Merge Join – sorts both datasets and merges them together. A merge join is fast for pre-ordered data, but is very rare in the real world. To favor Merge Joins over Hash Joins, set the enable_mergejoin system configuration parameter to ON.
Some query plan nodes specify motion operations. Motion operations move rows between segments when required to process the query. The node identifies the method used to perform the motion operation. Motion operators include the following:

Broadcast motion – each segment sends its own, individual rows to all other segments so that every segment instance has a complete local copy of the table. A Broadcast motion may not be as optimal as a Redistribute motion, so the optimizer typically only selects a Broadcast motion for small tables. A Broadcast motion is not acceptable for large tables. In the case where data was not distributed on the join key, a dynamic redistribution of the needed rows from one of the tables to another segment is performed.
Redistribute motion – each segment rehashes the data and sends the rows to the appropriate segments according to hash key.
Gather motion – result data from all segments is assembled into a single stream. This is the final operation for most query plans.
Other operators that occur in query plans include the following:

Materialize – the planner materializes a subselect once so it does not have to repeat the work for each top-level row.
InitPlan – a pre-query, used in dynamic partition elimination, performed when the values the planner needs to identify partitions to scan are unknown until execution time.
Sort – sort rows in preparation for another operation requiring ordered rows, such as an Aggregation or Merge Join.
Group By – groups rows by one or more columns.
Group/Hash Aggregate – aggregates rows using a hash.
Append – concatenates data sets, for example when combining rows scanned from partitions in a partitioned table.
Filter – selects rows using criteria from a WHERE clause.
Limit – limits the number of rows returned.
Optimizing Greenplum Queries
This topic describes Greenplum Database features and programming practices that can be used to enhance system performance in some situations.

To analyze query plans, first identify the plan nodes where the estimated cost to perform the operation is very high. Determine if the estimated number of rows and cost seems reasonable relative to the number of rows for the operation performed.

If using partitioning, validate that partition elimination is achieved. To achieve partition elimination the query predicate (WHERE clause) must be the same as the partitioning criteria. Also, the WHERE clause must not contain an explicit value and cannot contain a subquery.

Review the execution order of the query plan tree. Review the estimated number of rows. You want the execution order to build on the smaller tables or hash join result and probe with larger tables. Optimally, the largest table is used for the final join or probe to reduce the number of rows being passed up the tree to the topmost plan nodes. If the analysis reveals that the order of execution builds and/or probes is not optimal ensure that database statistics are up to date. Running ANALYZE will likely address this and produce an optimal query plan.

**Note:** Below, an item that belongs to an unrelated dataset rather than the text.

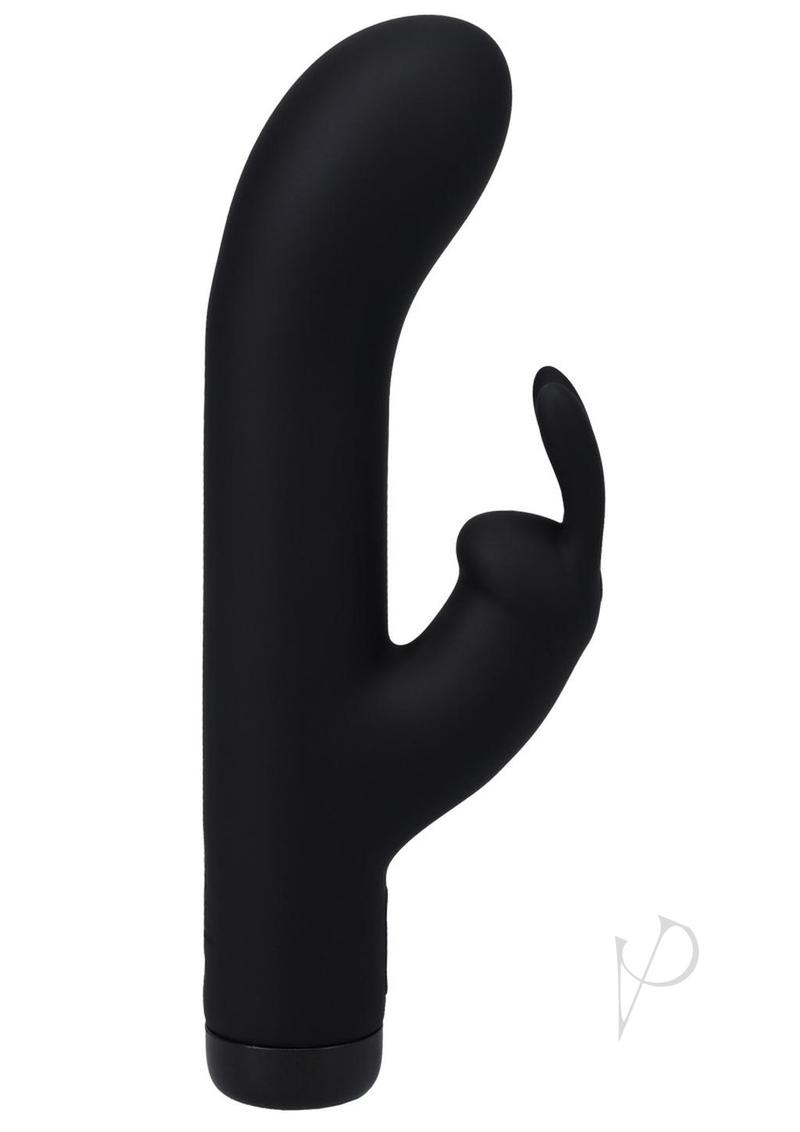 In A Bag Rabbit Black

Look for evidence of computational skew. Computational skew occurs during query execution when execution of operators such as Hash Aggregate and Hash Join cause uneven execution on the segments. More CPU and memory are used on some segments than others, resulting in less than optimal execution. The cause could be joins, sorts, or aggregations on columns that have low cardinality or non-uniform distributions. You can detect computational skew in the output of the EXPLAIN ANALYZE statement for a query. Each node includes a count of the maximum rows processed by any one segment and the average rows processed by all segments. If the maximum row count is much higher than the average, at least one segment has performed much more work than the others and computational skew should be suspected for that operator.

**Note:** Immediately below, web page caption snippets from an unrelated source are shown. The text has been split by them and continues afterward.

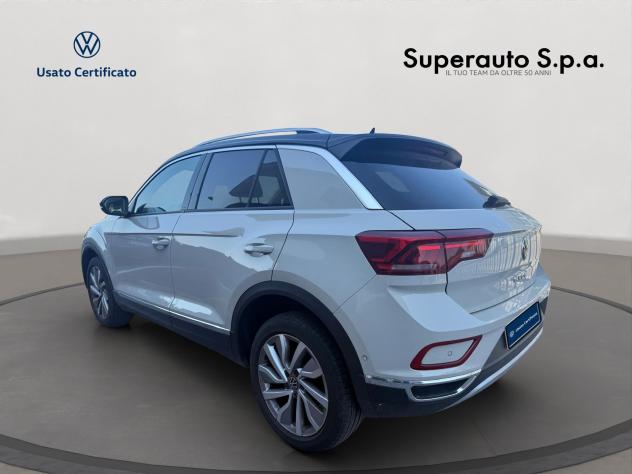 Volkswagen T-Roc 1.5 TSI ACT Style DSG - Foto 4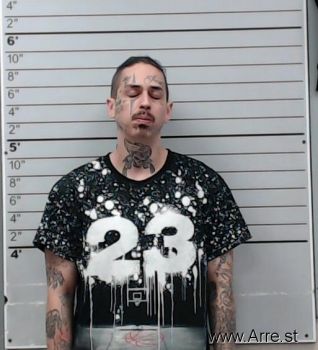 Christopher Lee Warren Mugshot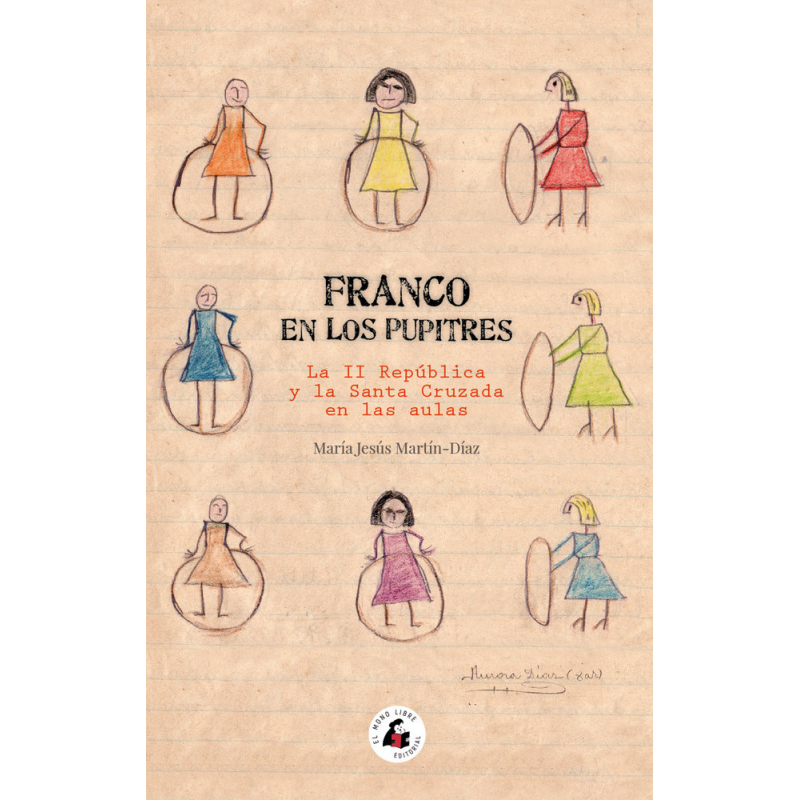 FRANCO EN LOS PUPITRES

Identify plan nodes where a Sort or Aggregate operation is performed. Hidden inside an Aggregate operation is a Sort. If the Sort or Aggregate operation involves a large number of rows, there is an opportunity to improve query performance. A HashAggregate operation is preferred over Sort and Aggregate operations when a large number of rows are required to be sorted. Usually a Sort operation is chosen by the optimizer due to the SQL construct; that is, due to the way the SQL is written. Most Sort operations can be replaced with a HashAggregate if the query is rewritten. To favor a HashAggregate operation over a Sort and Aggregate operation ensure that the enable_groupagg server configuration parameter is set to ON.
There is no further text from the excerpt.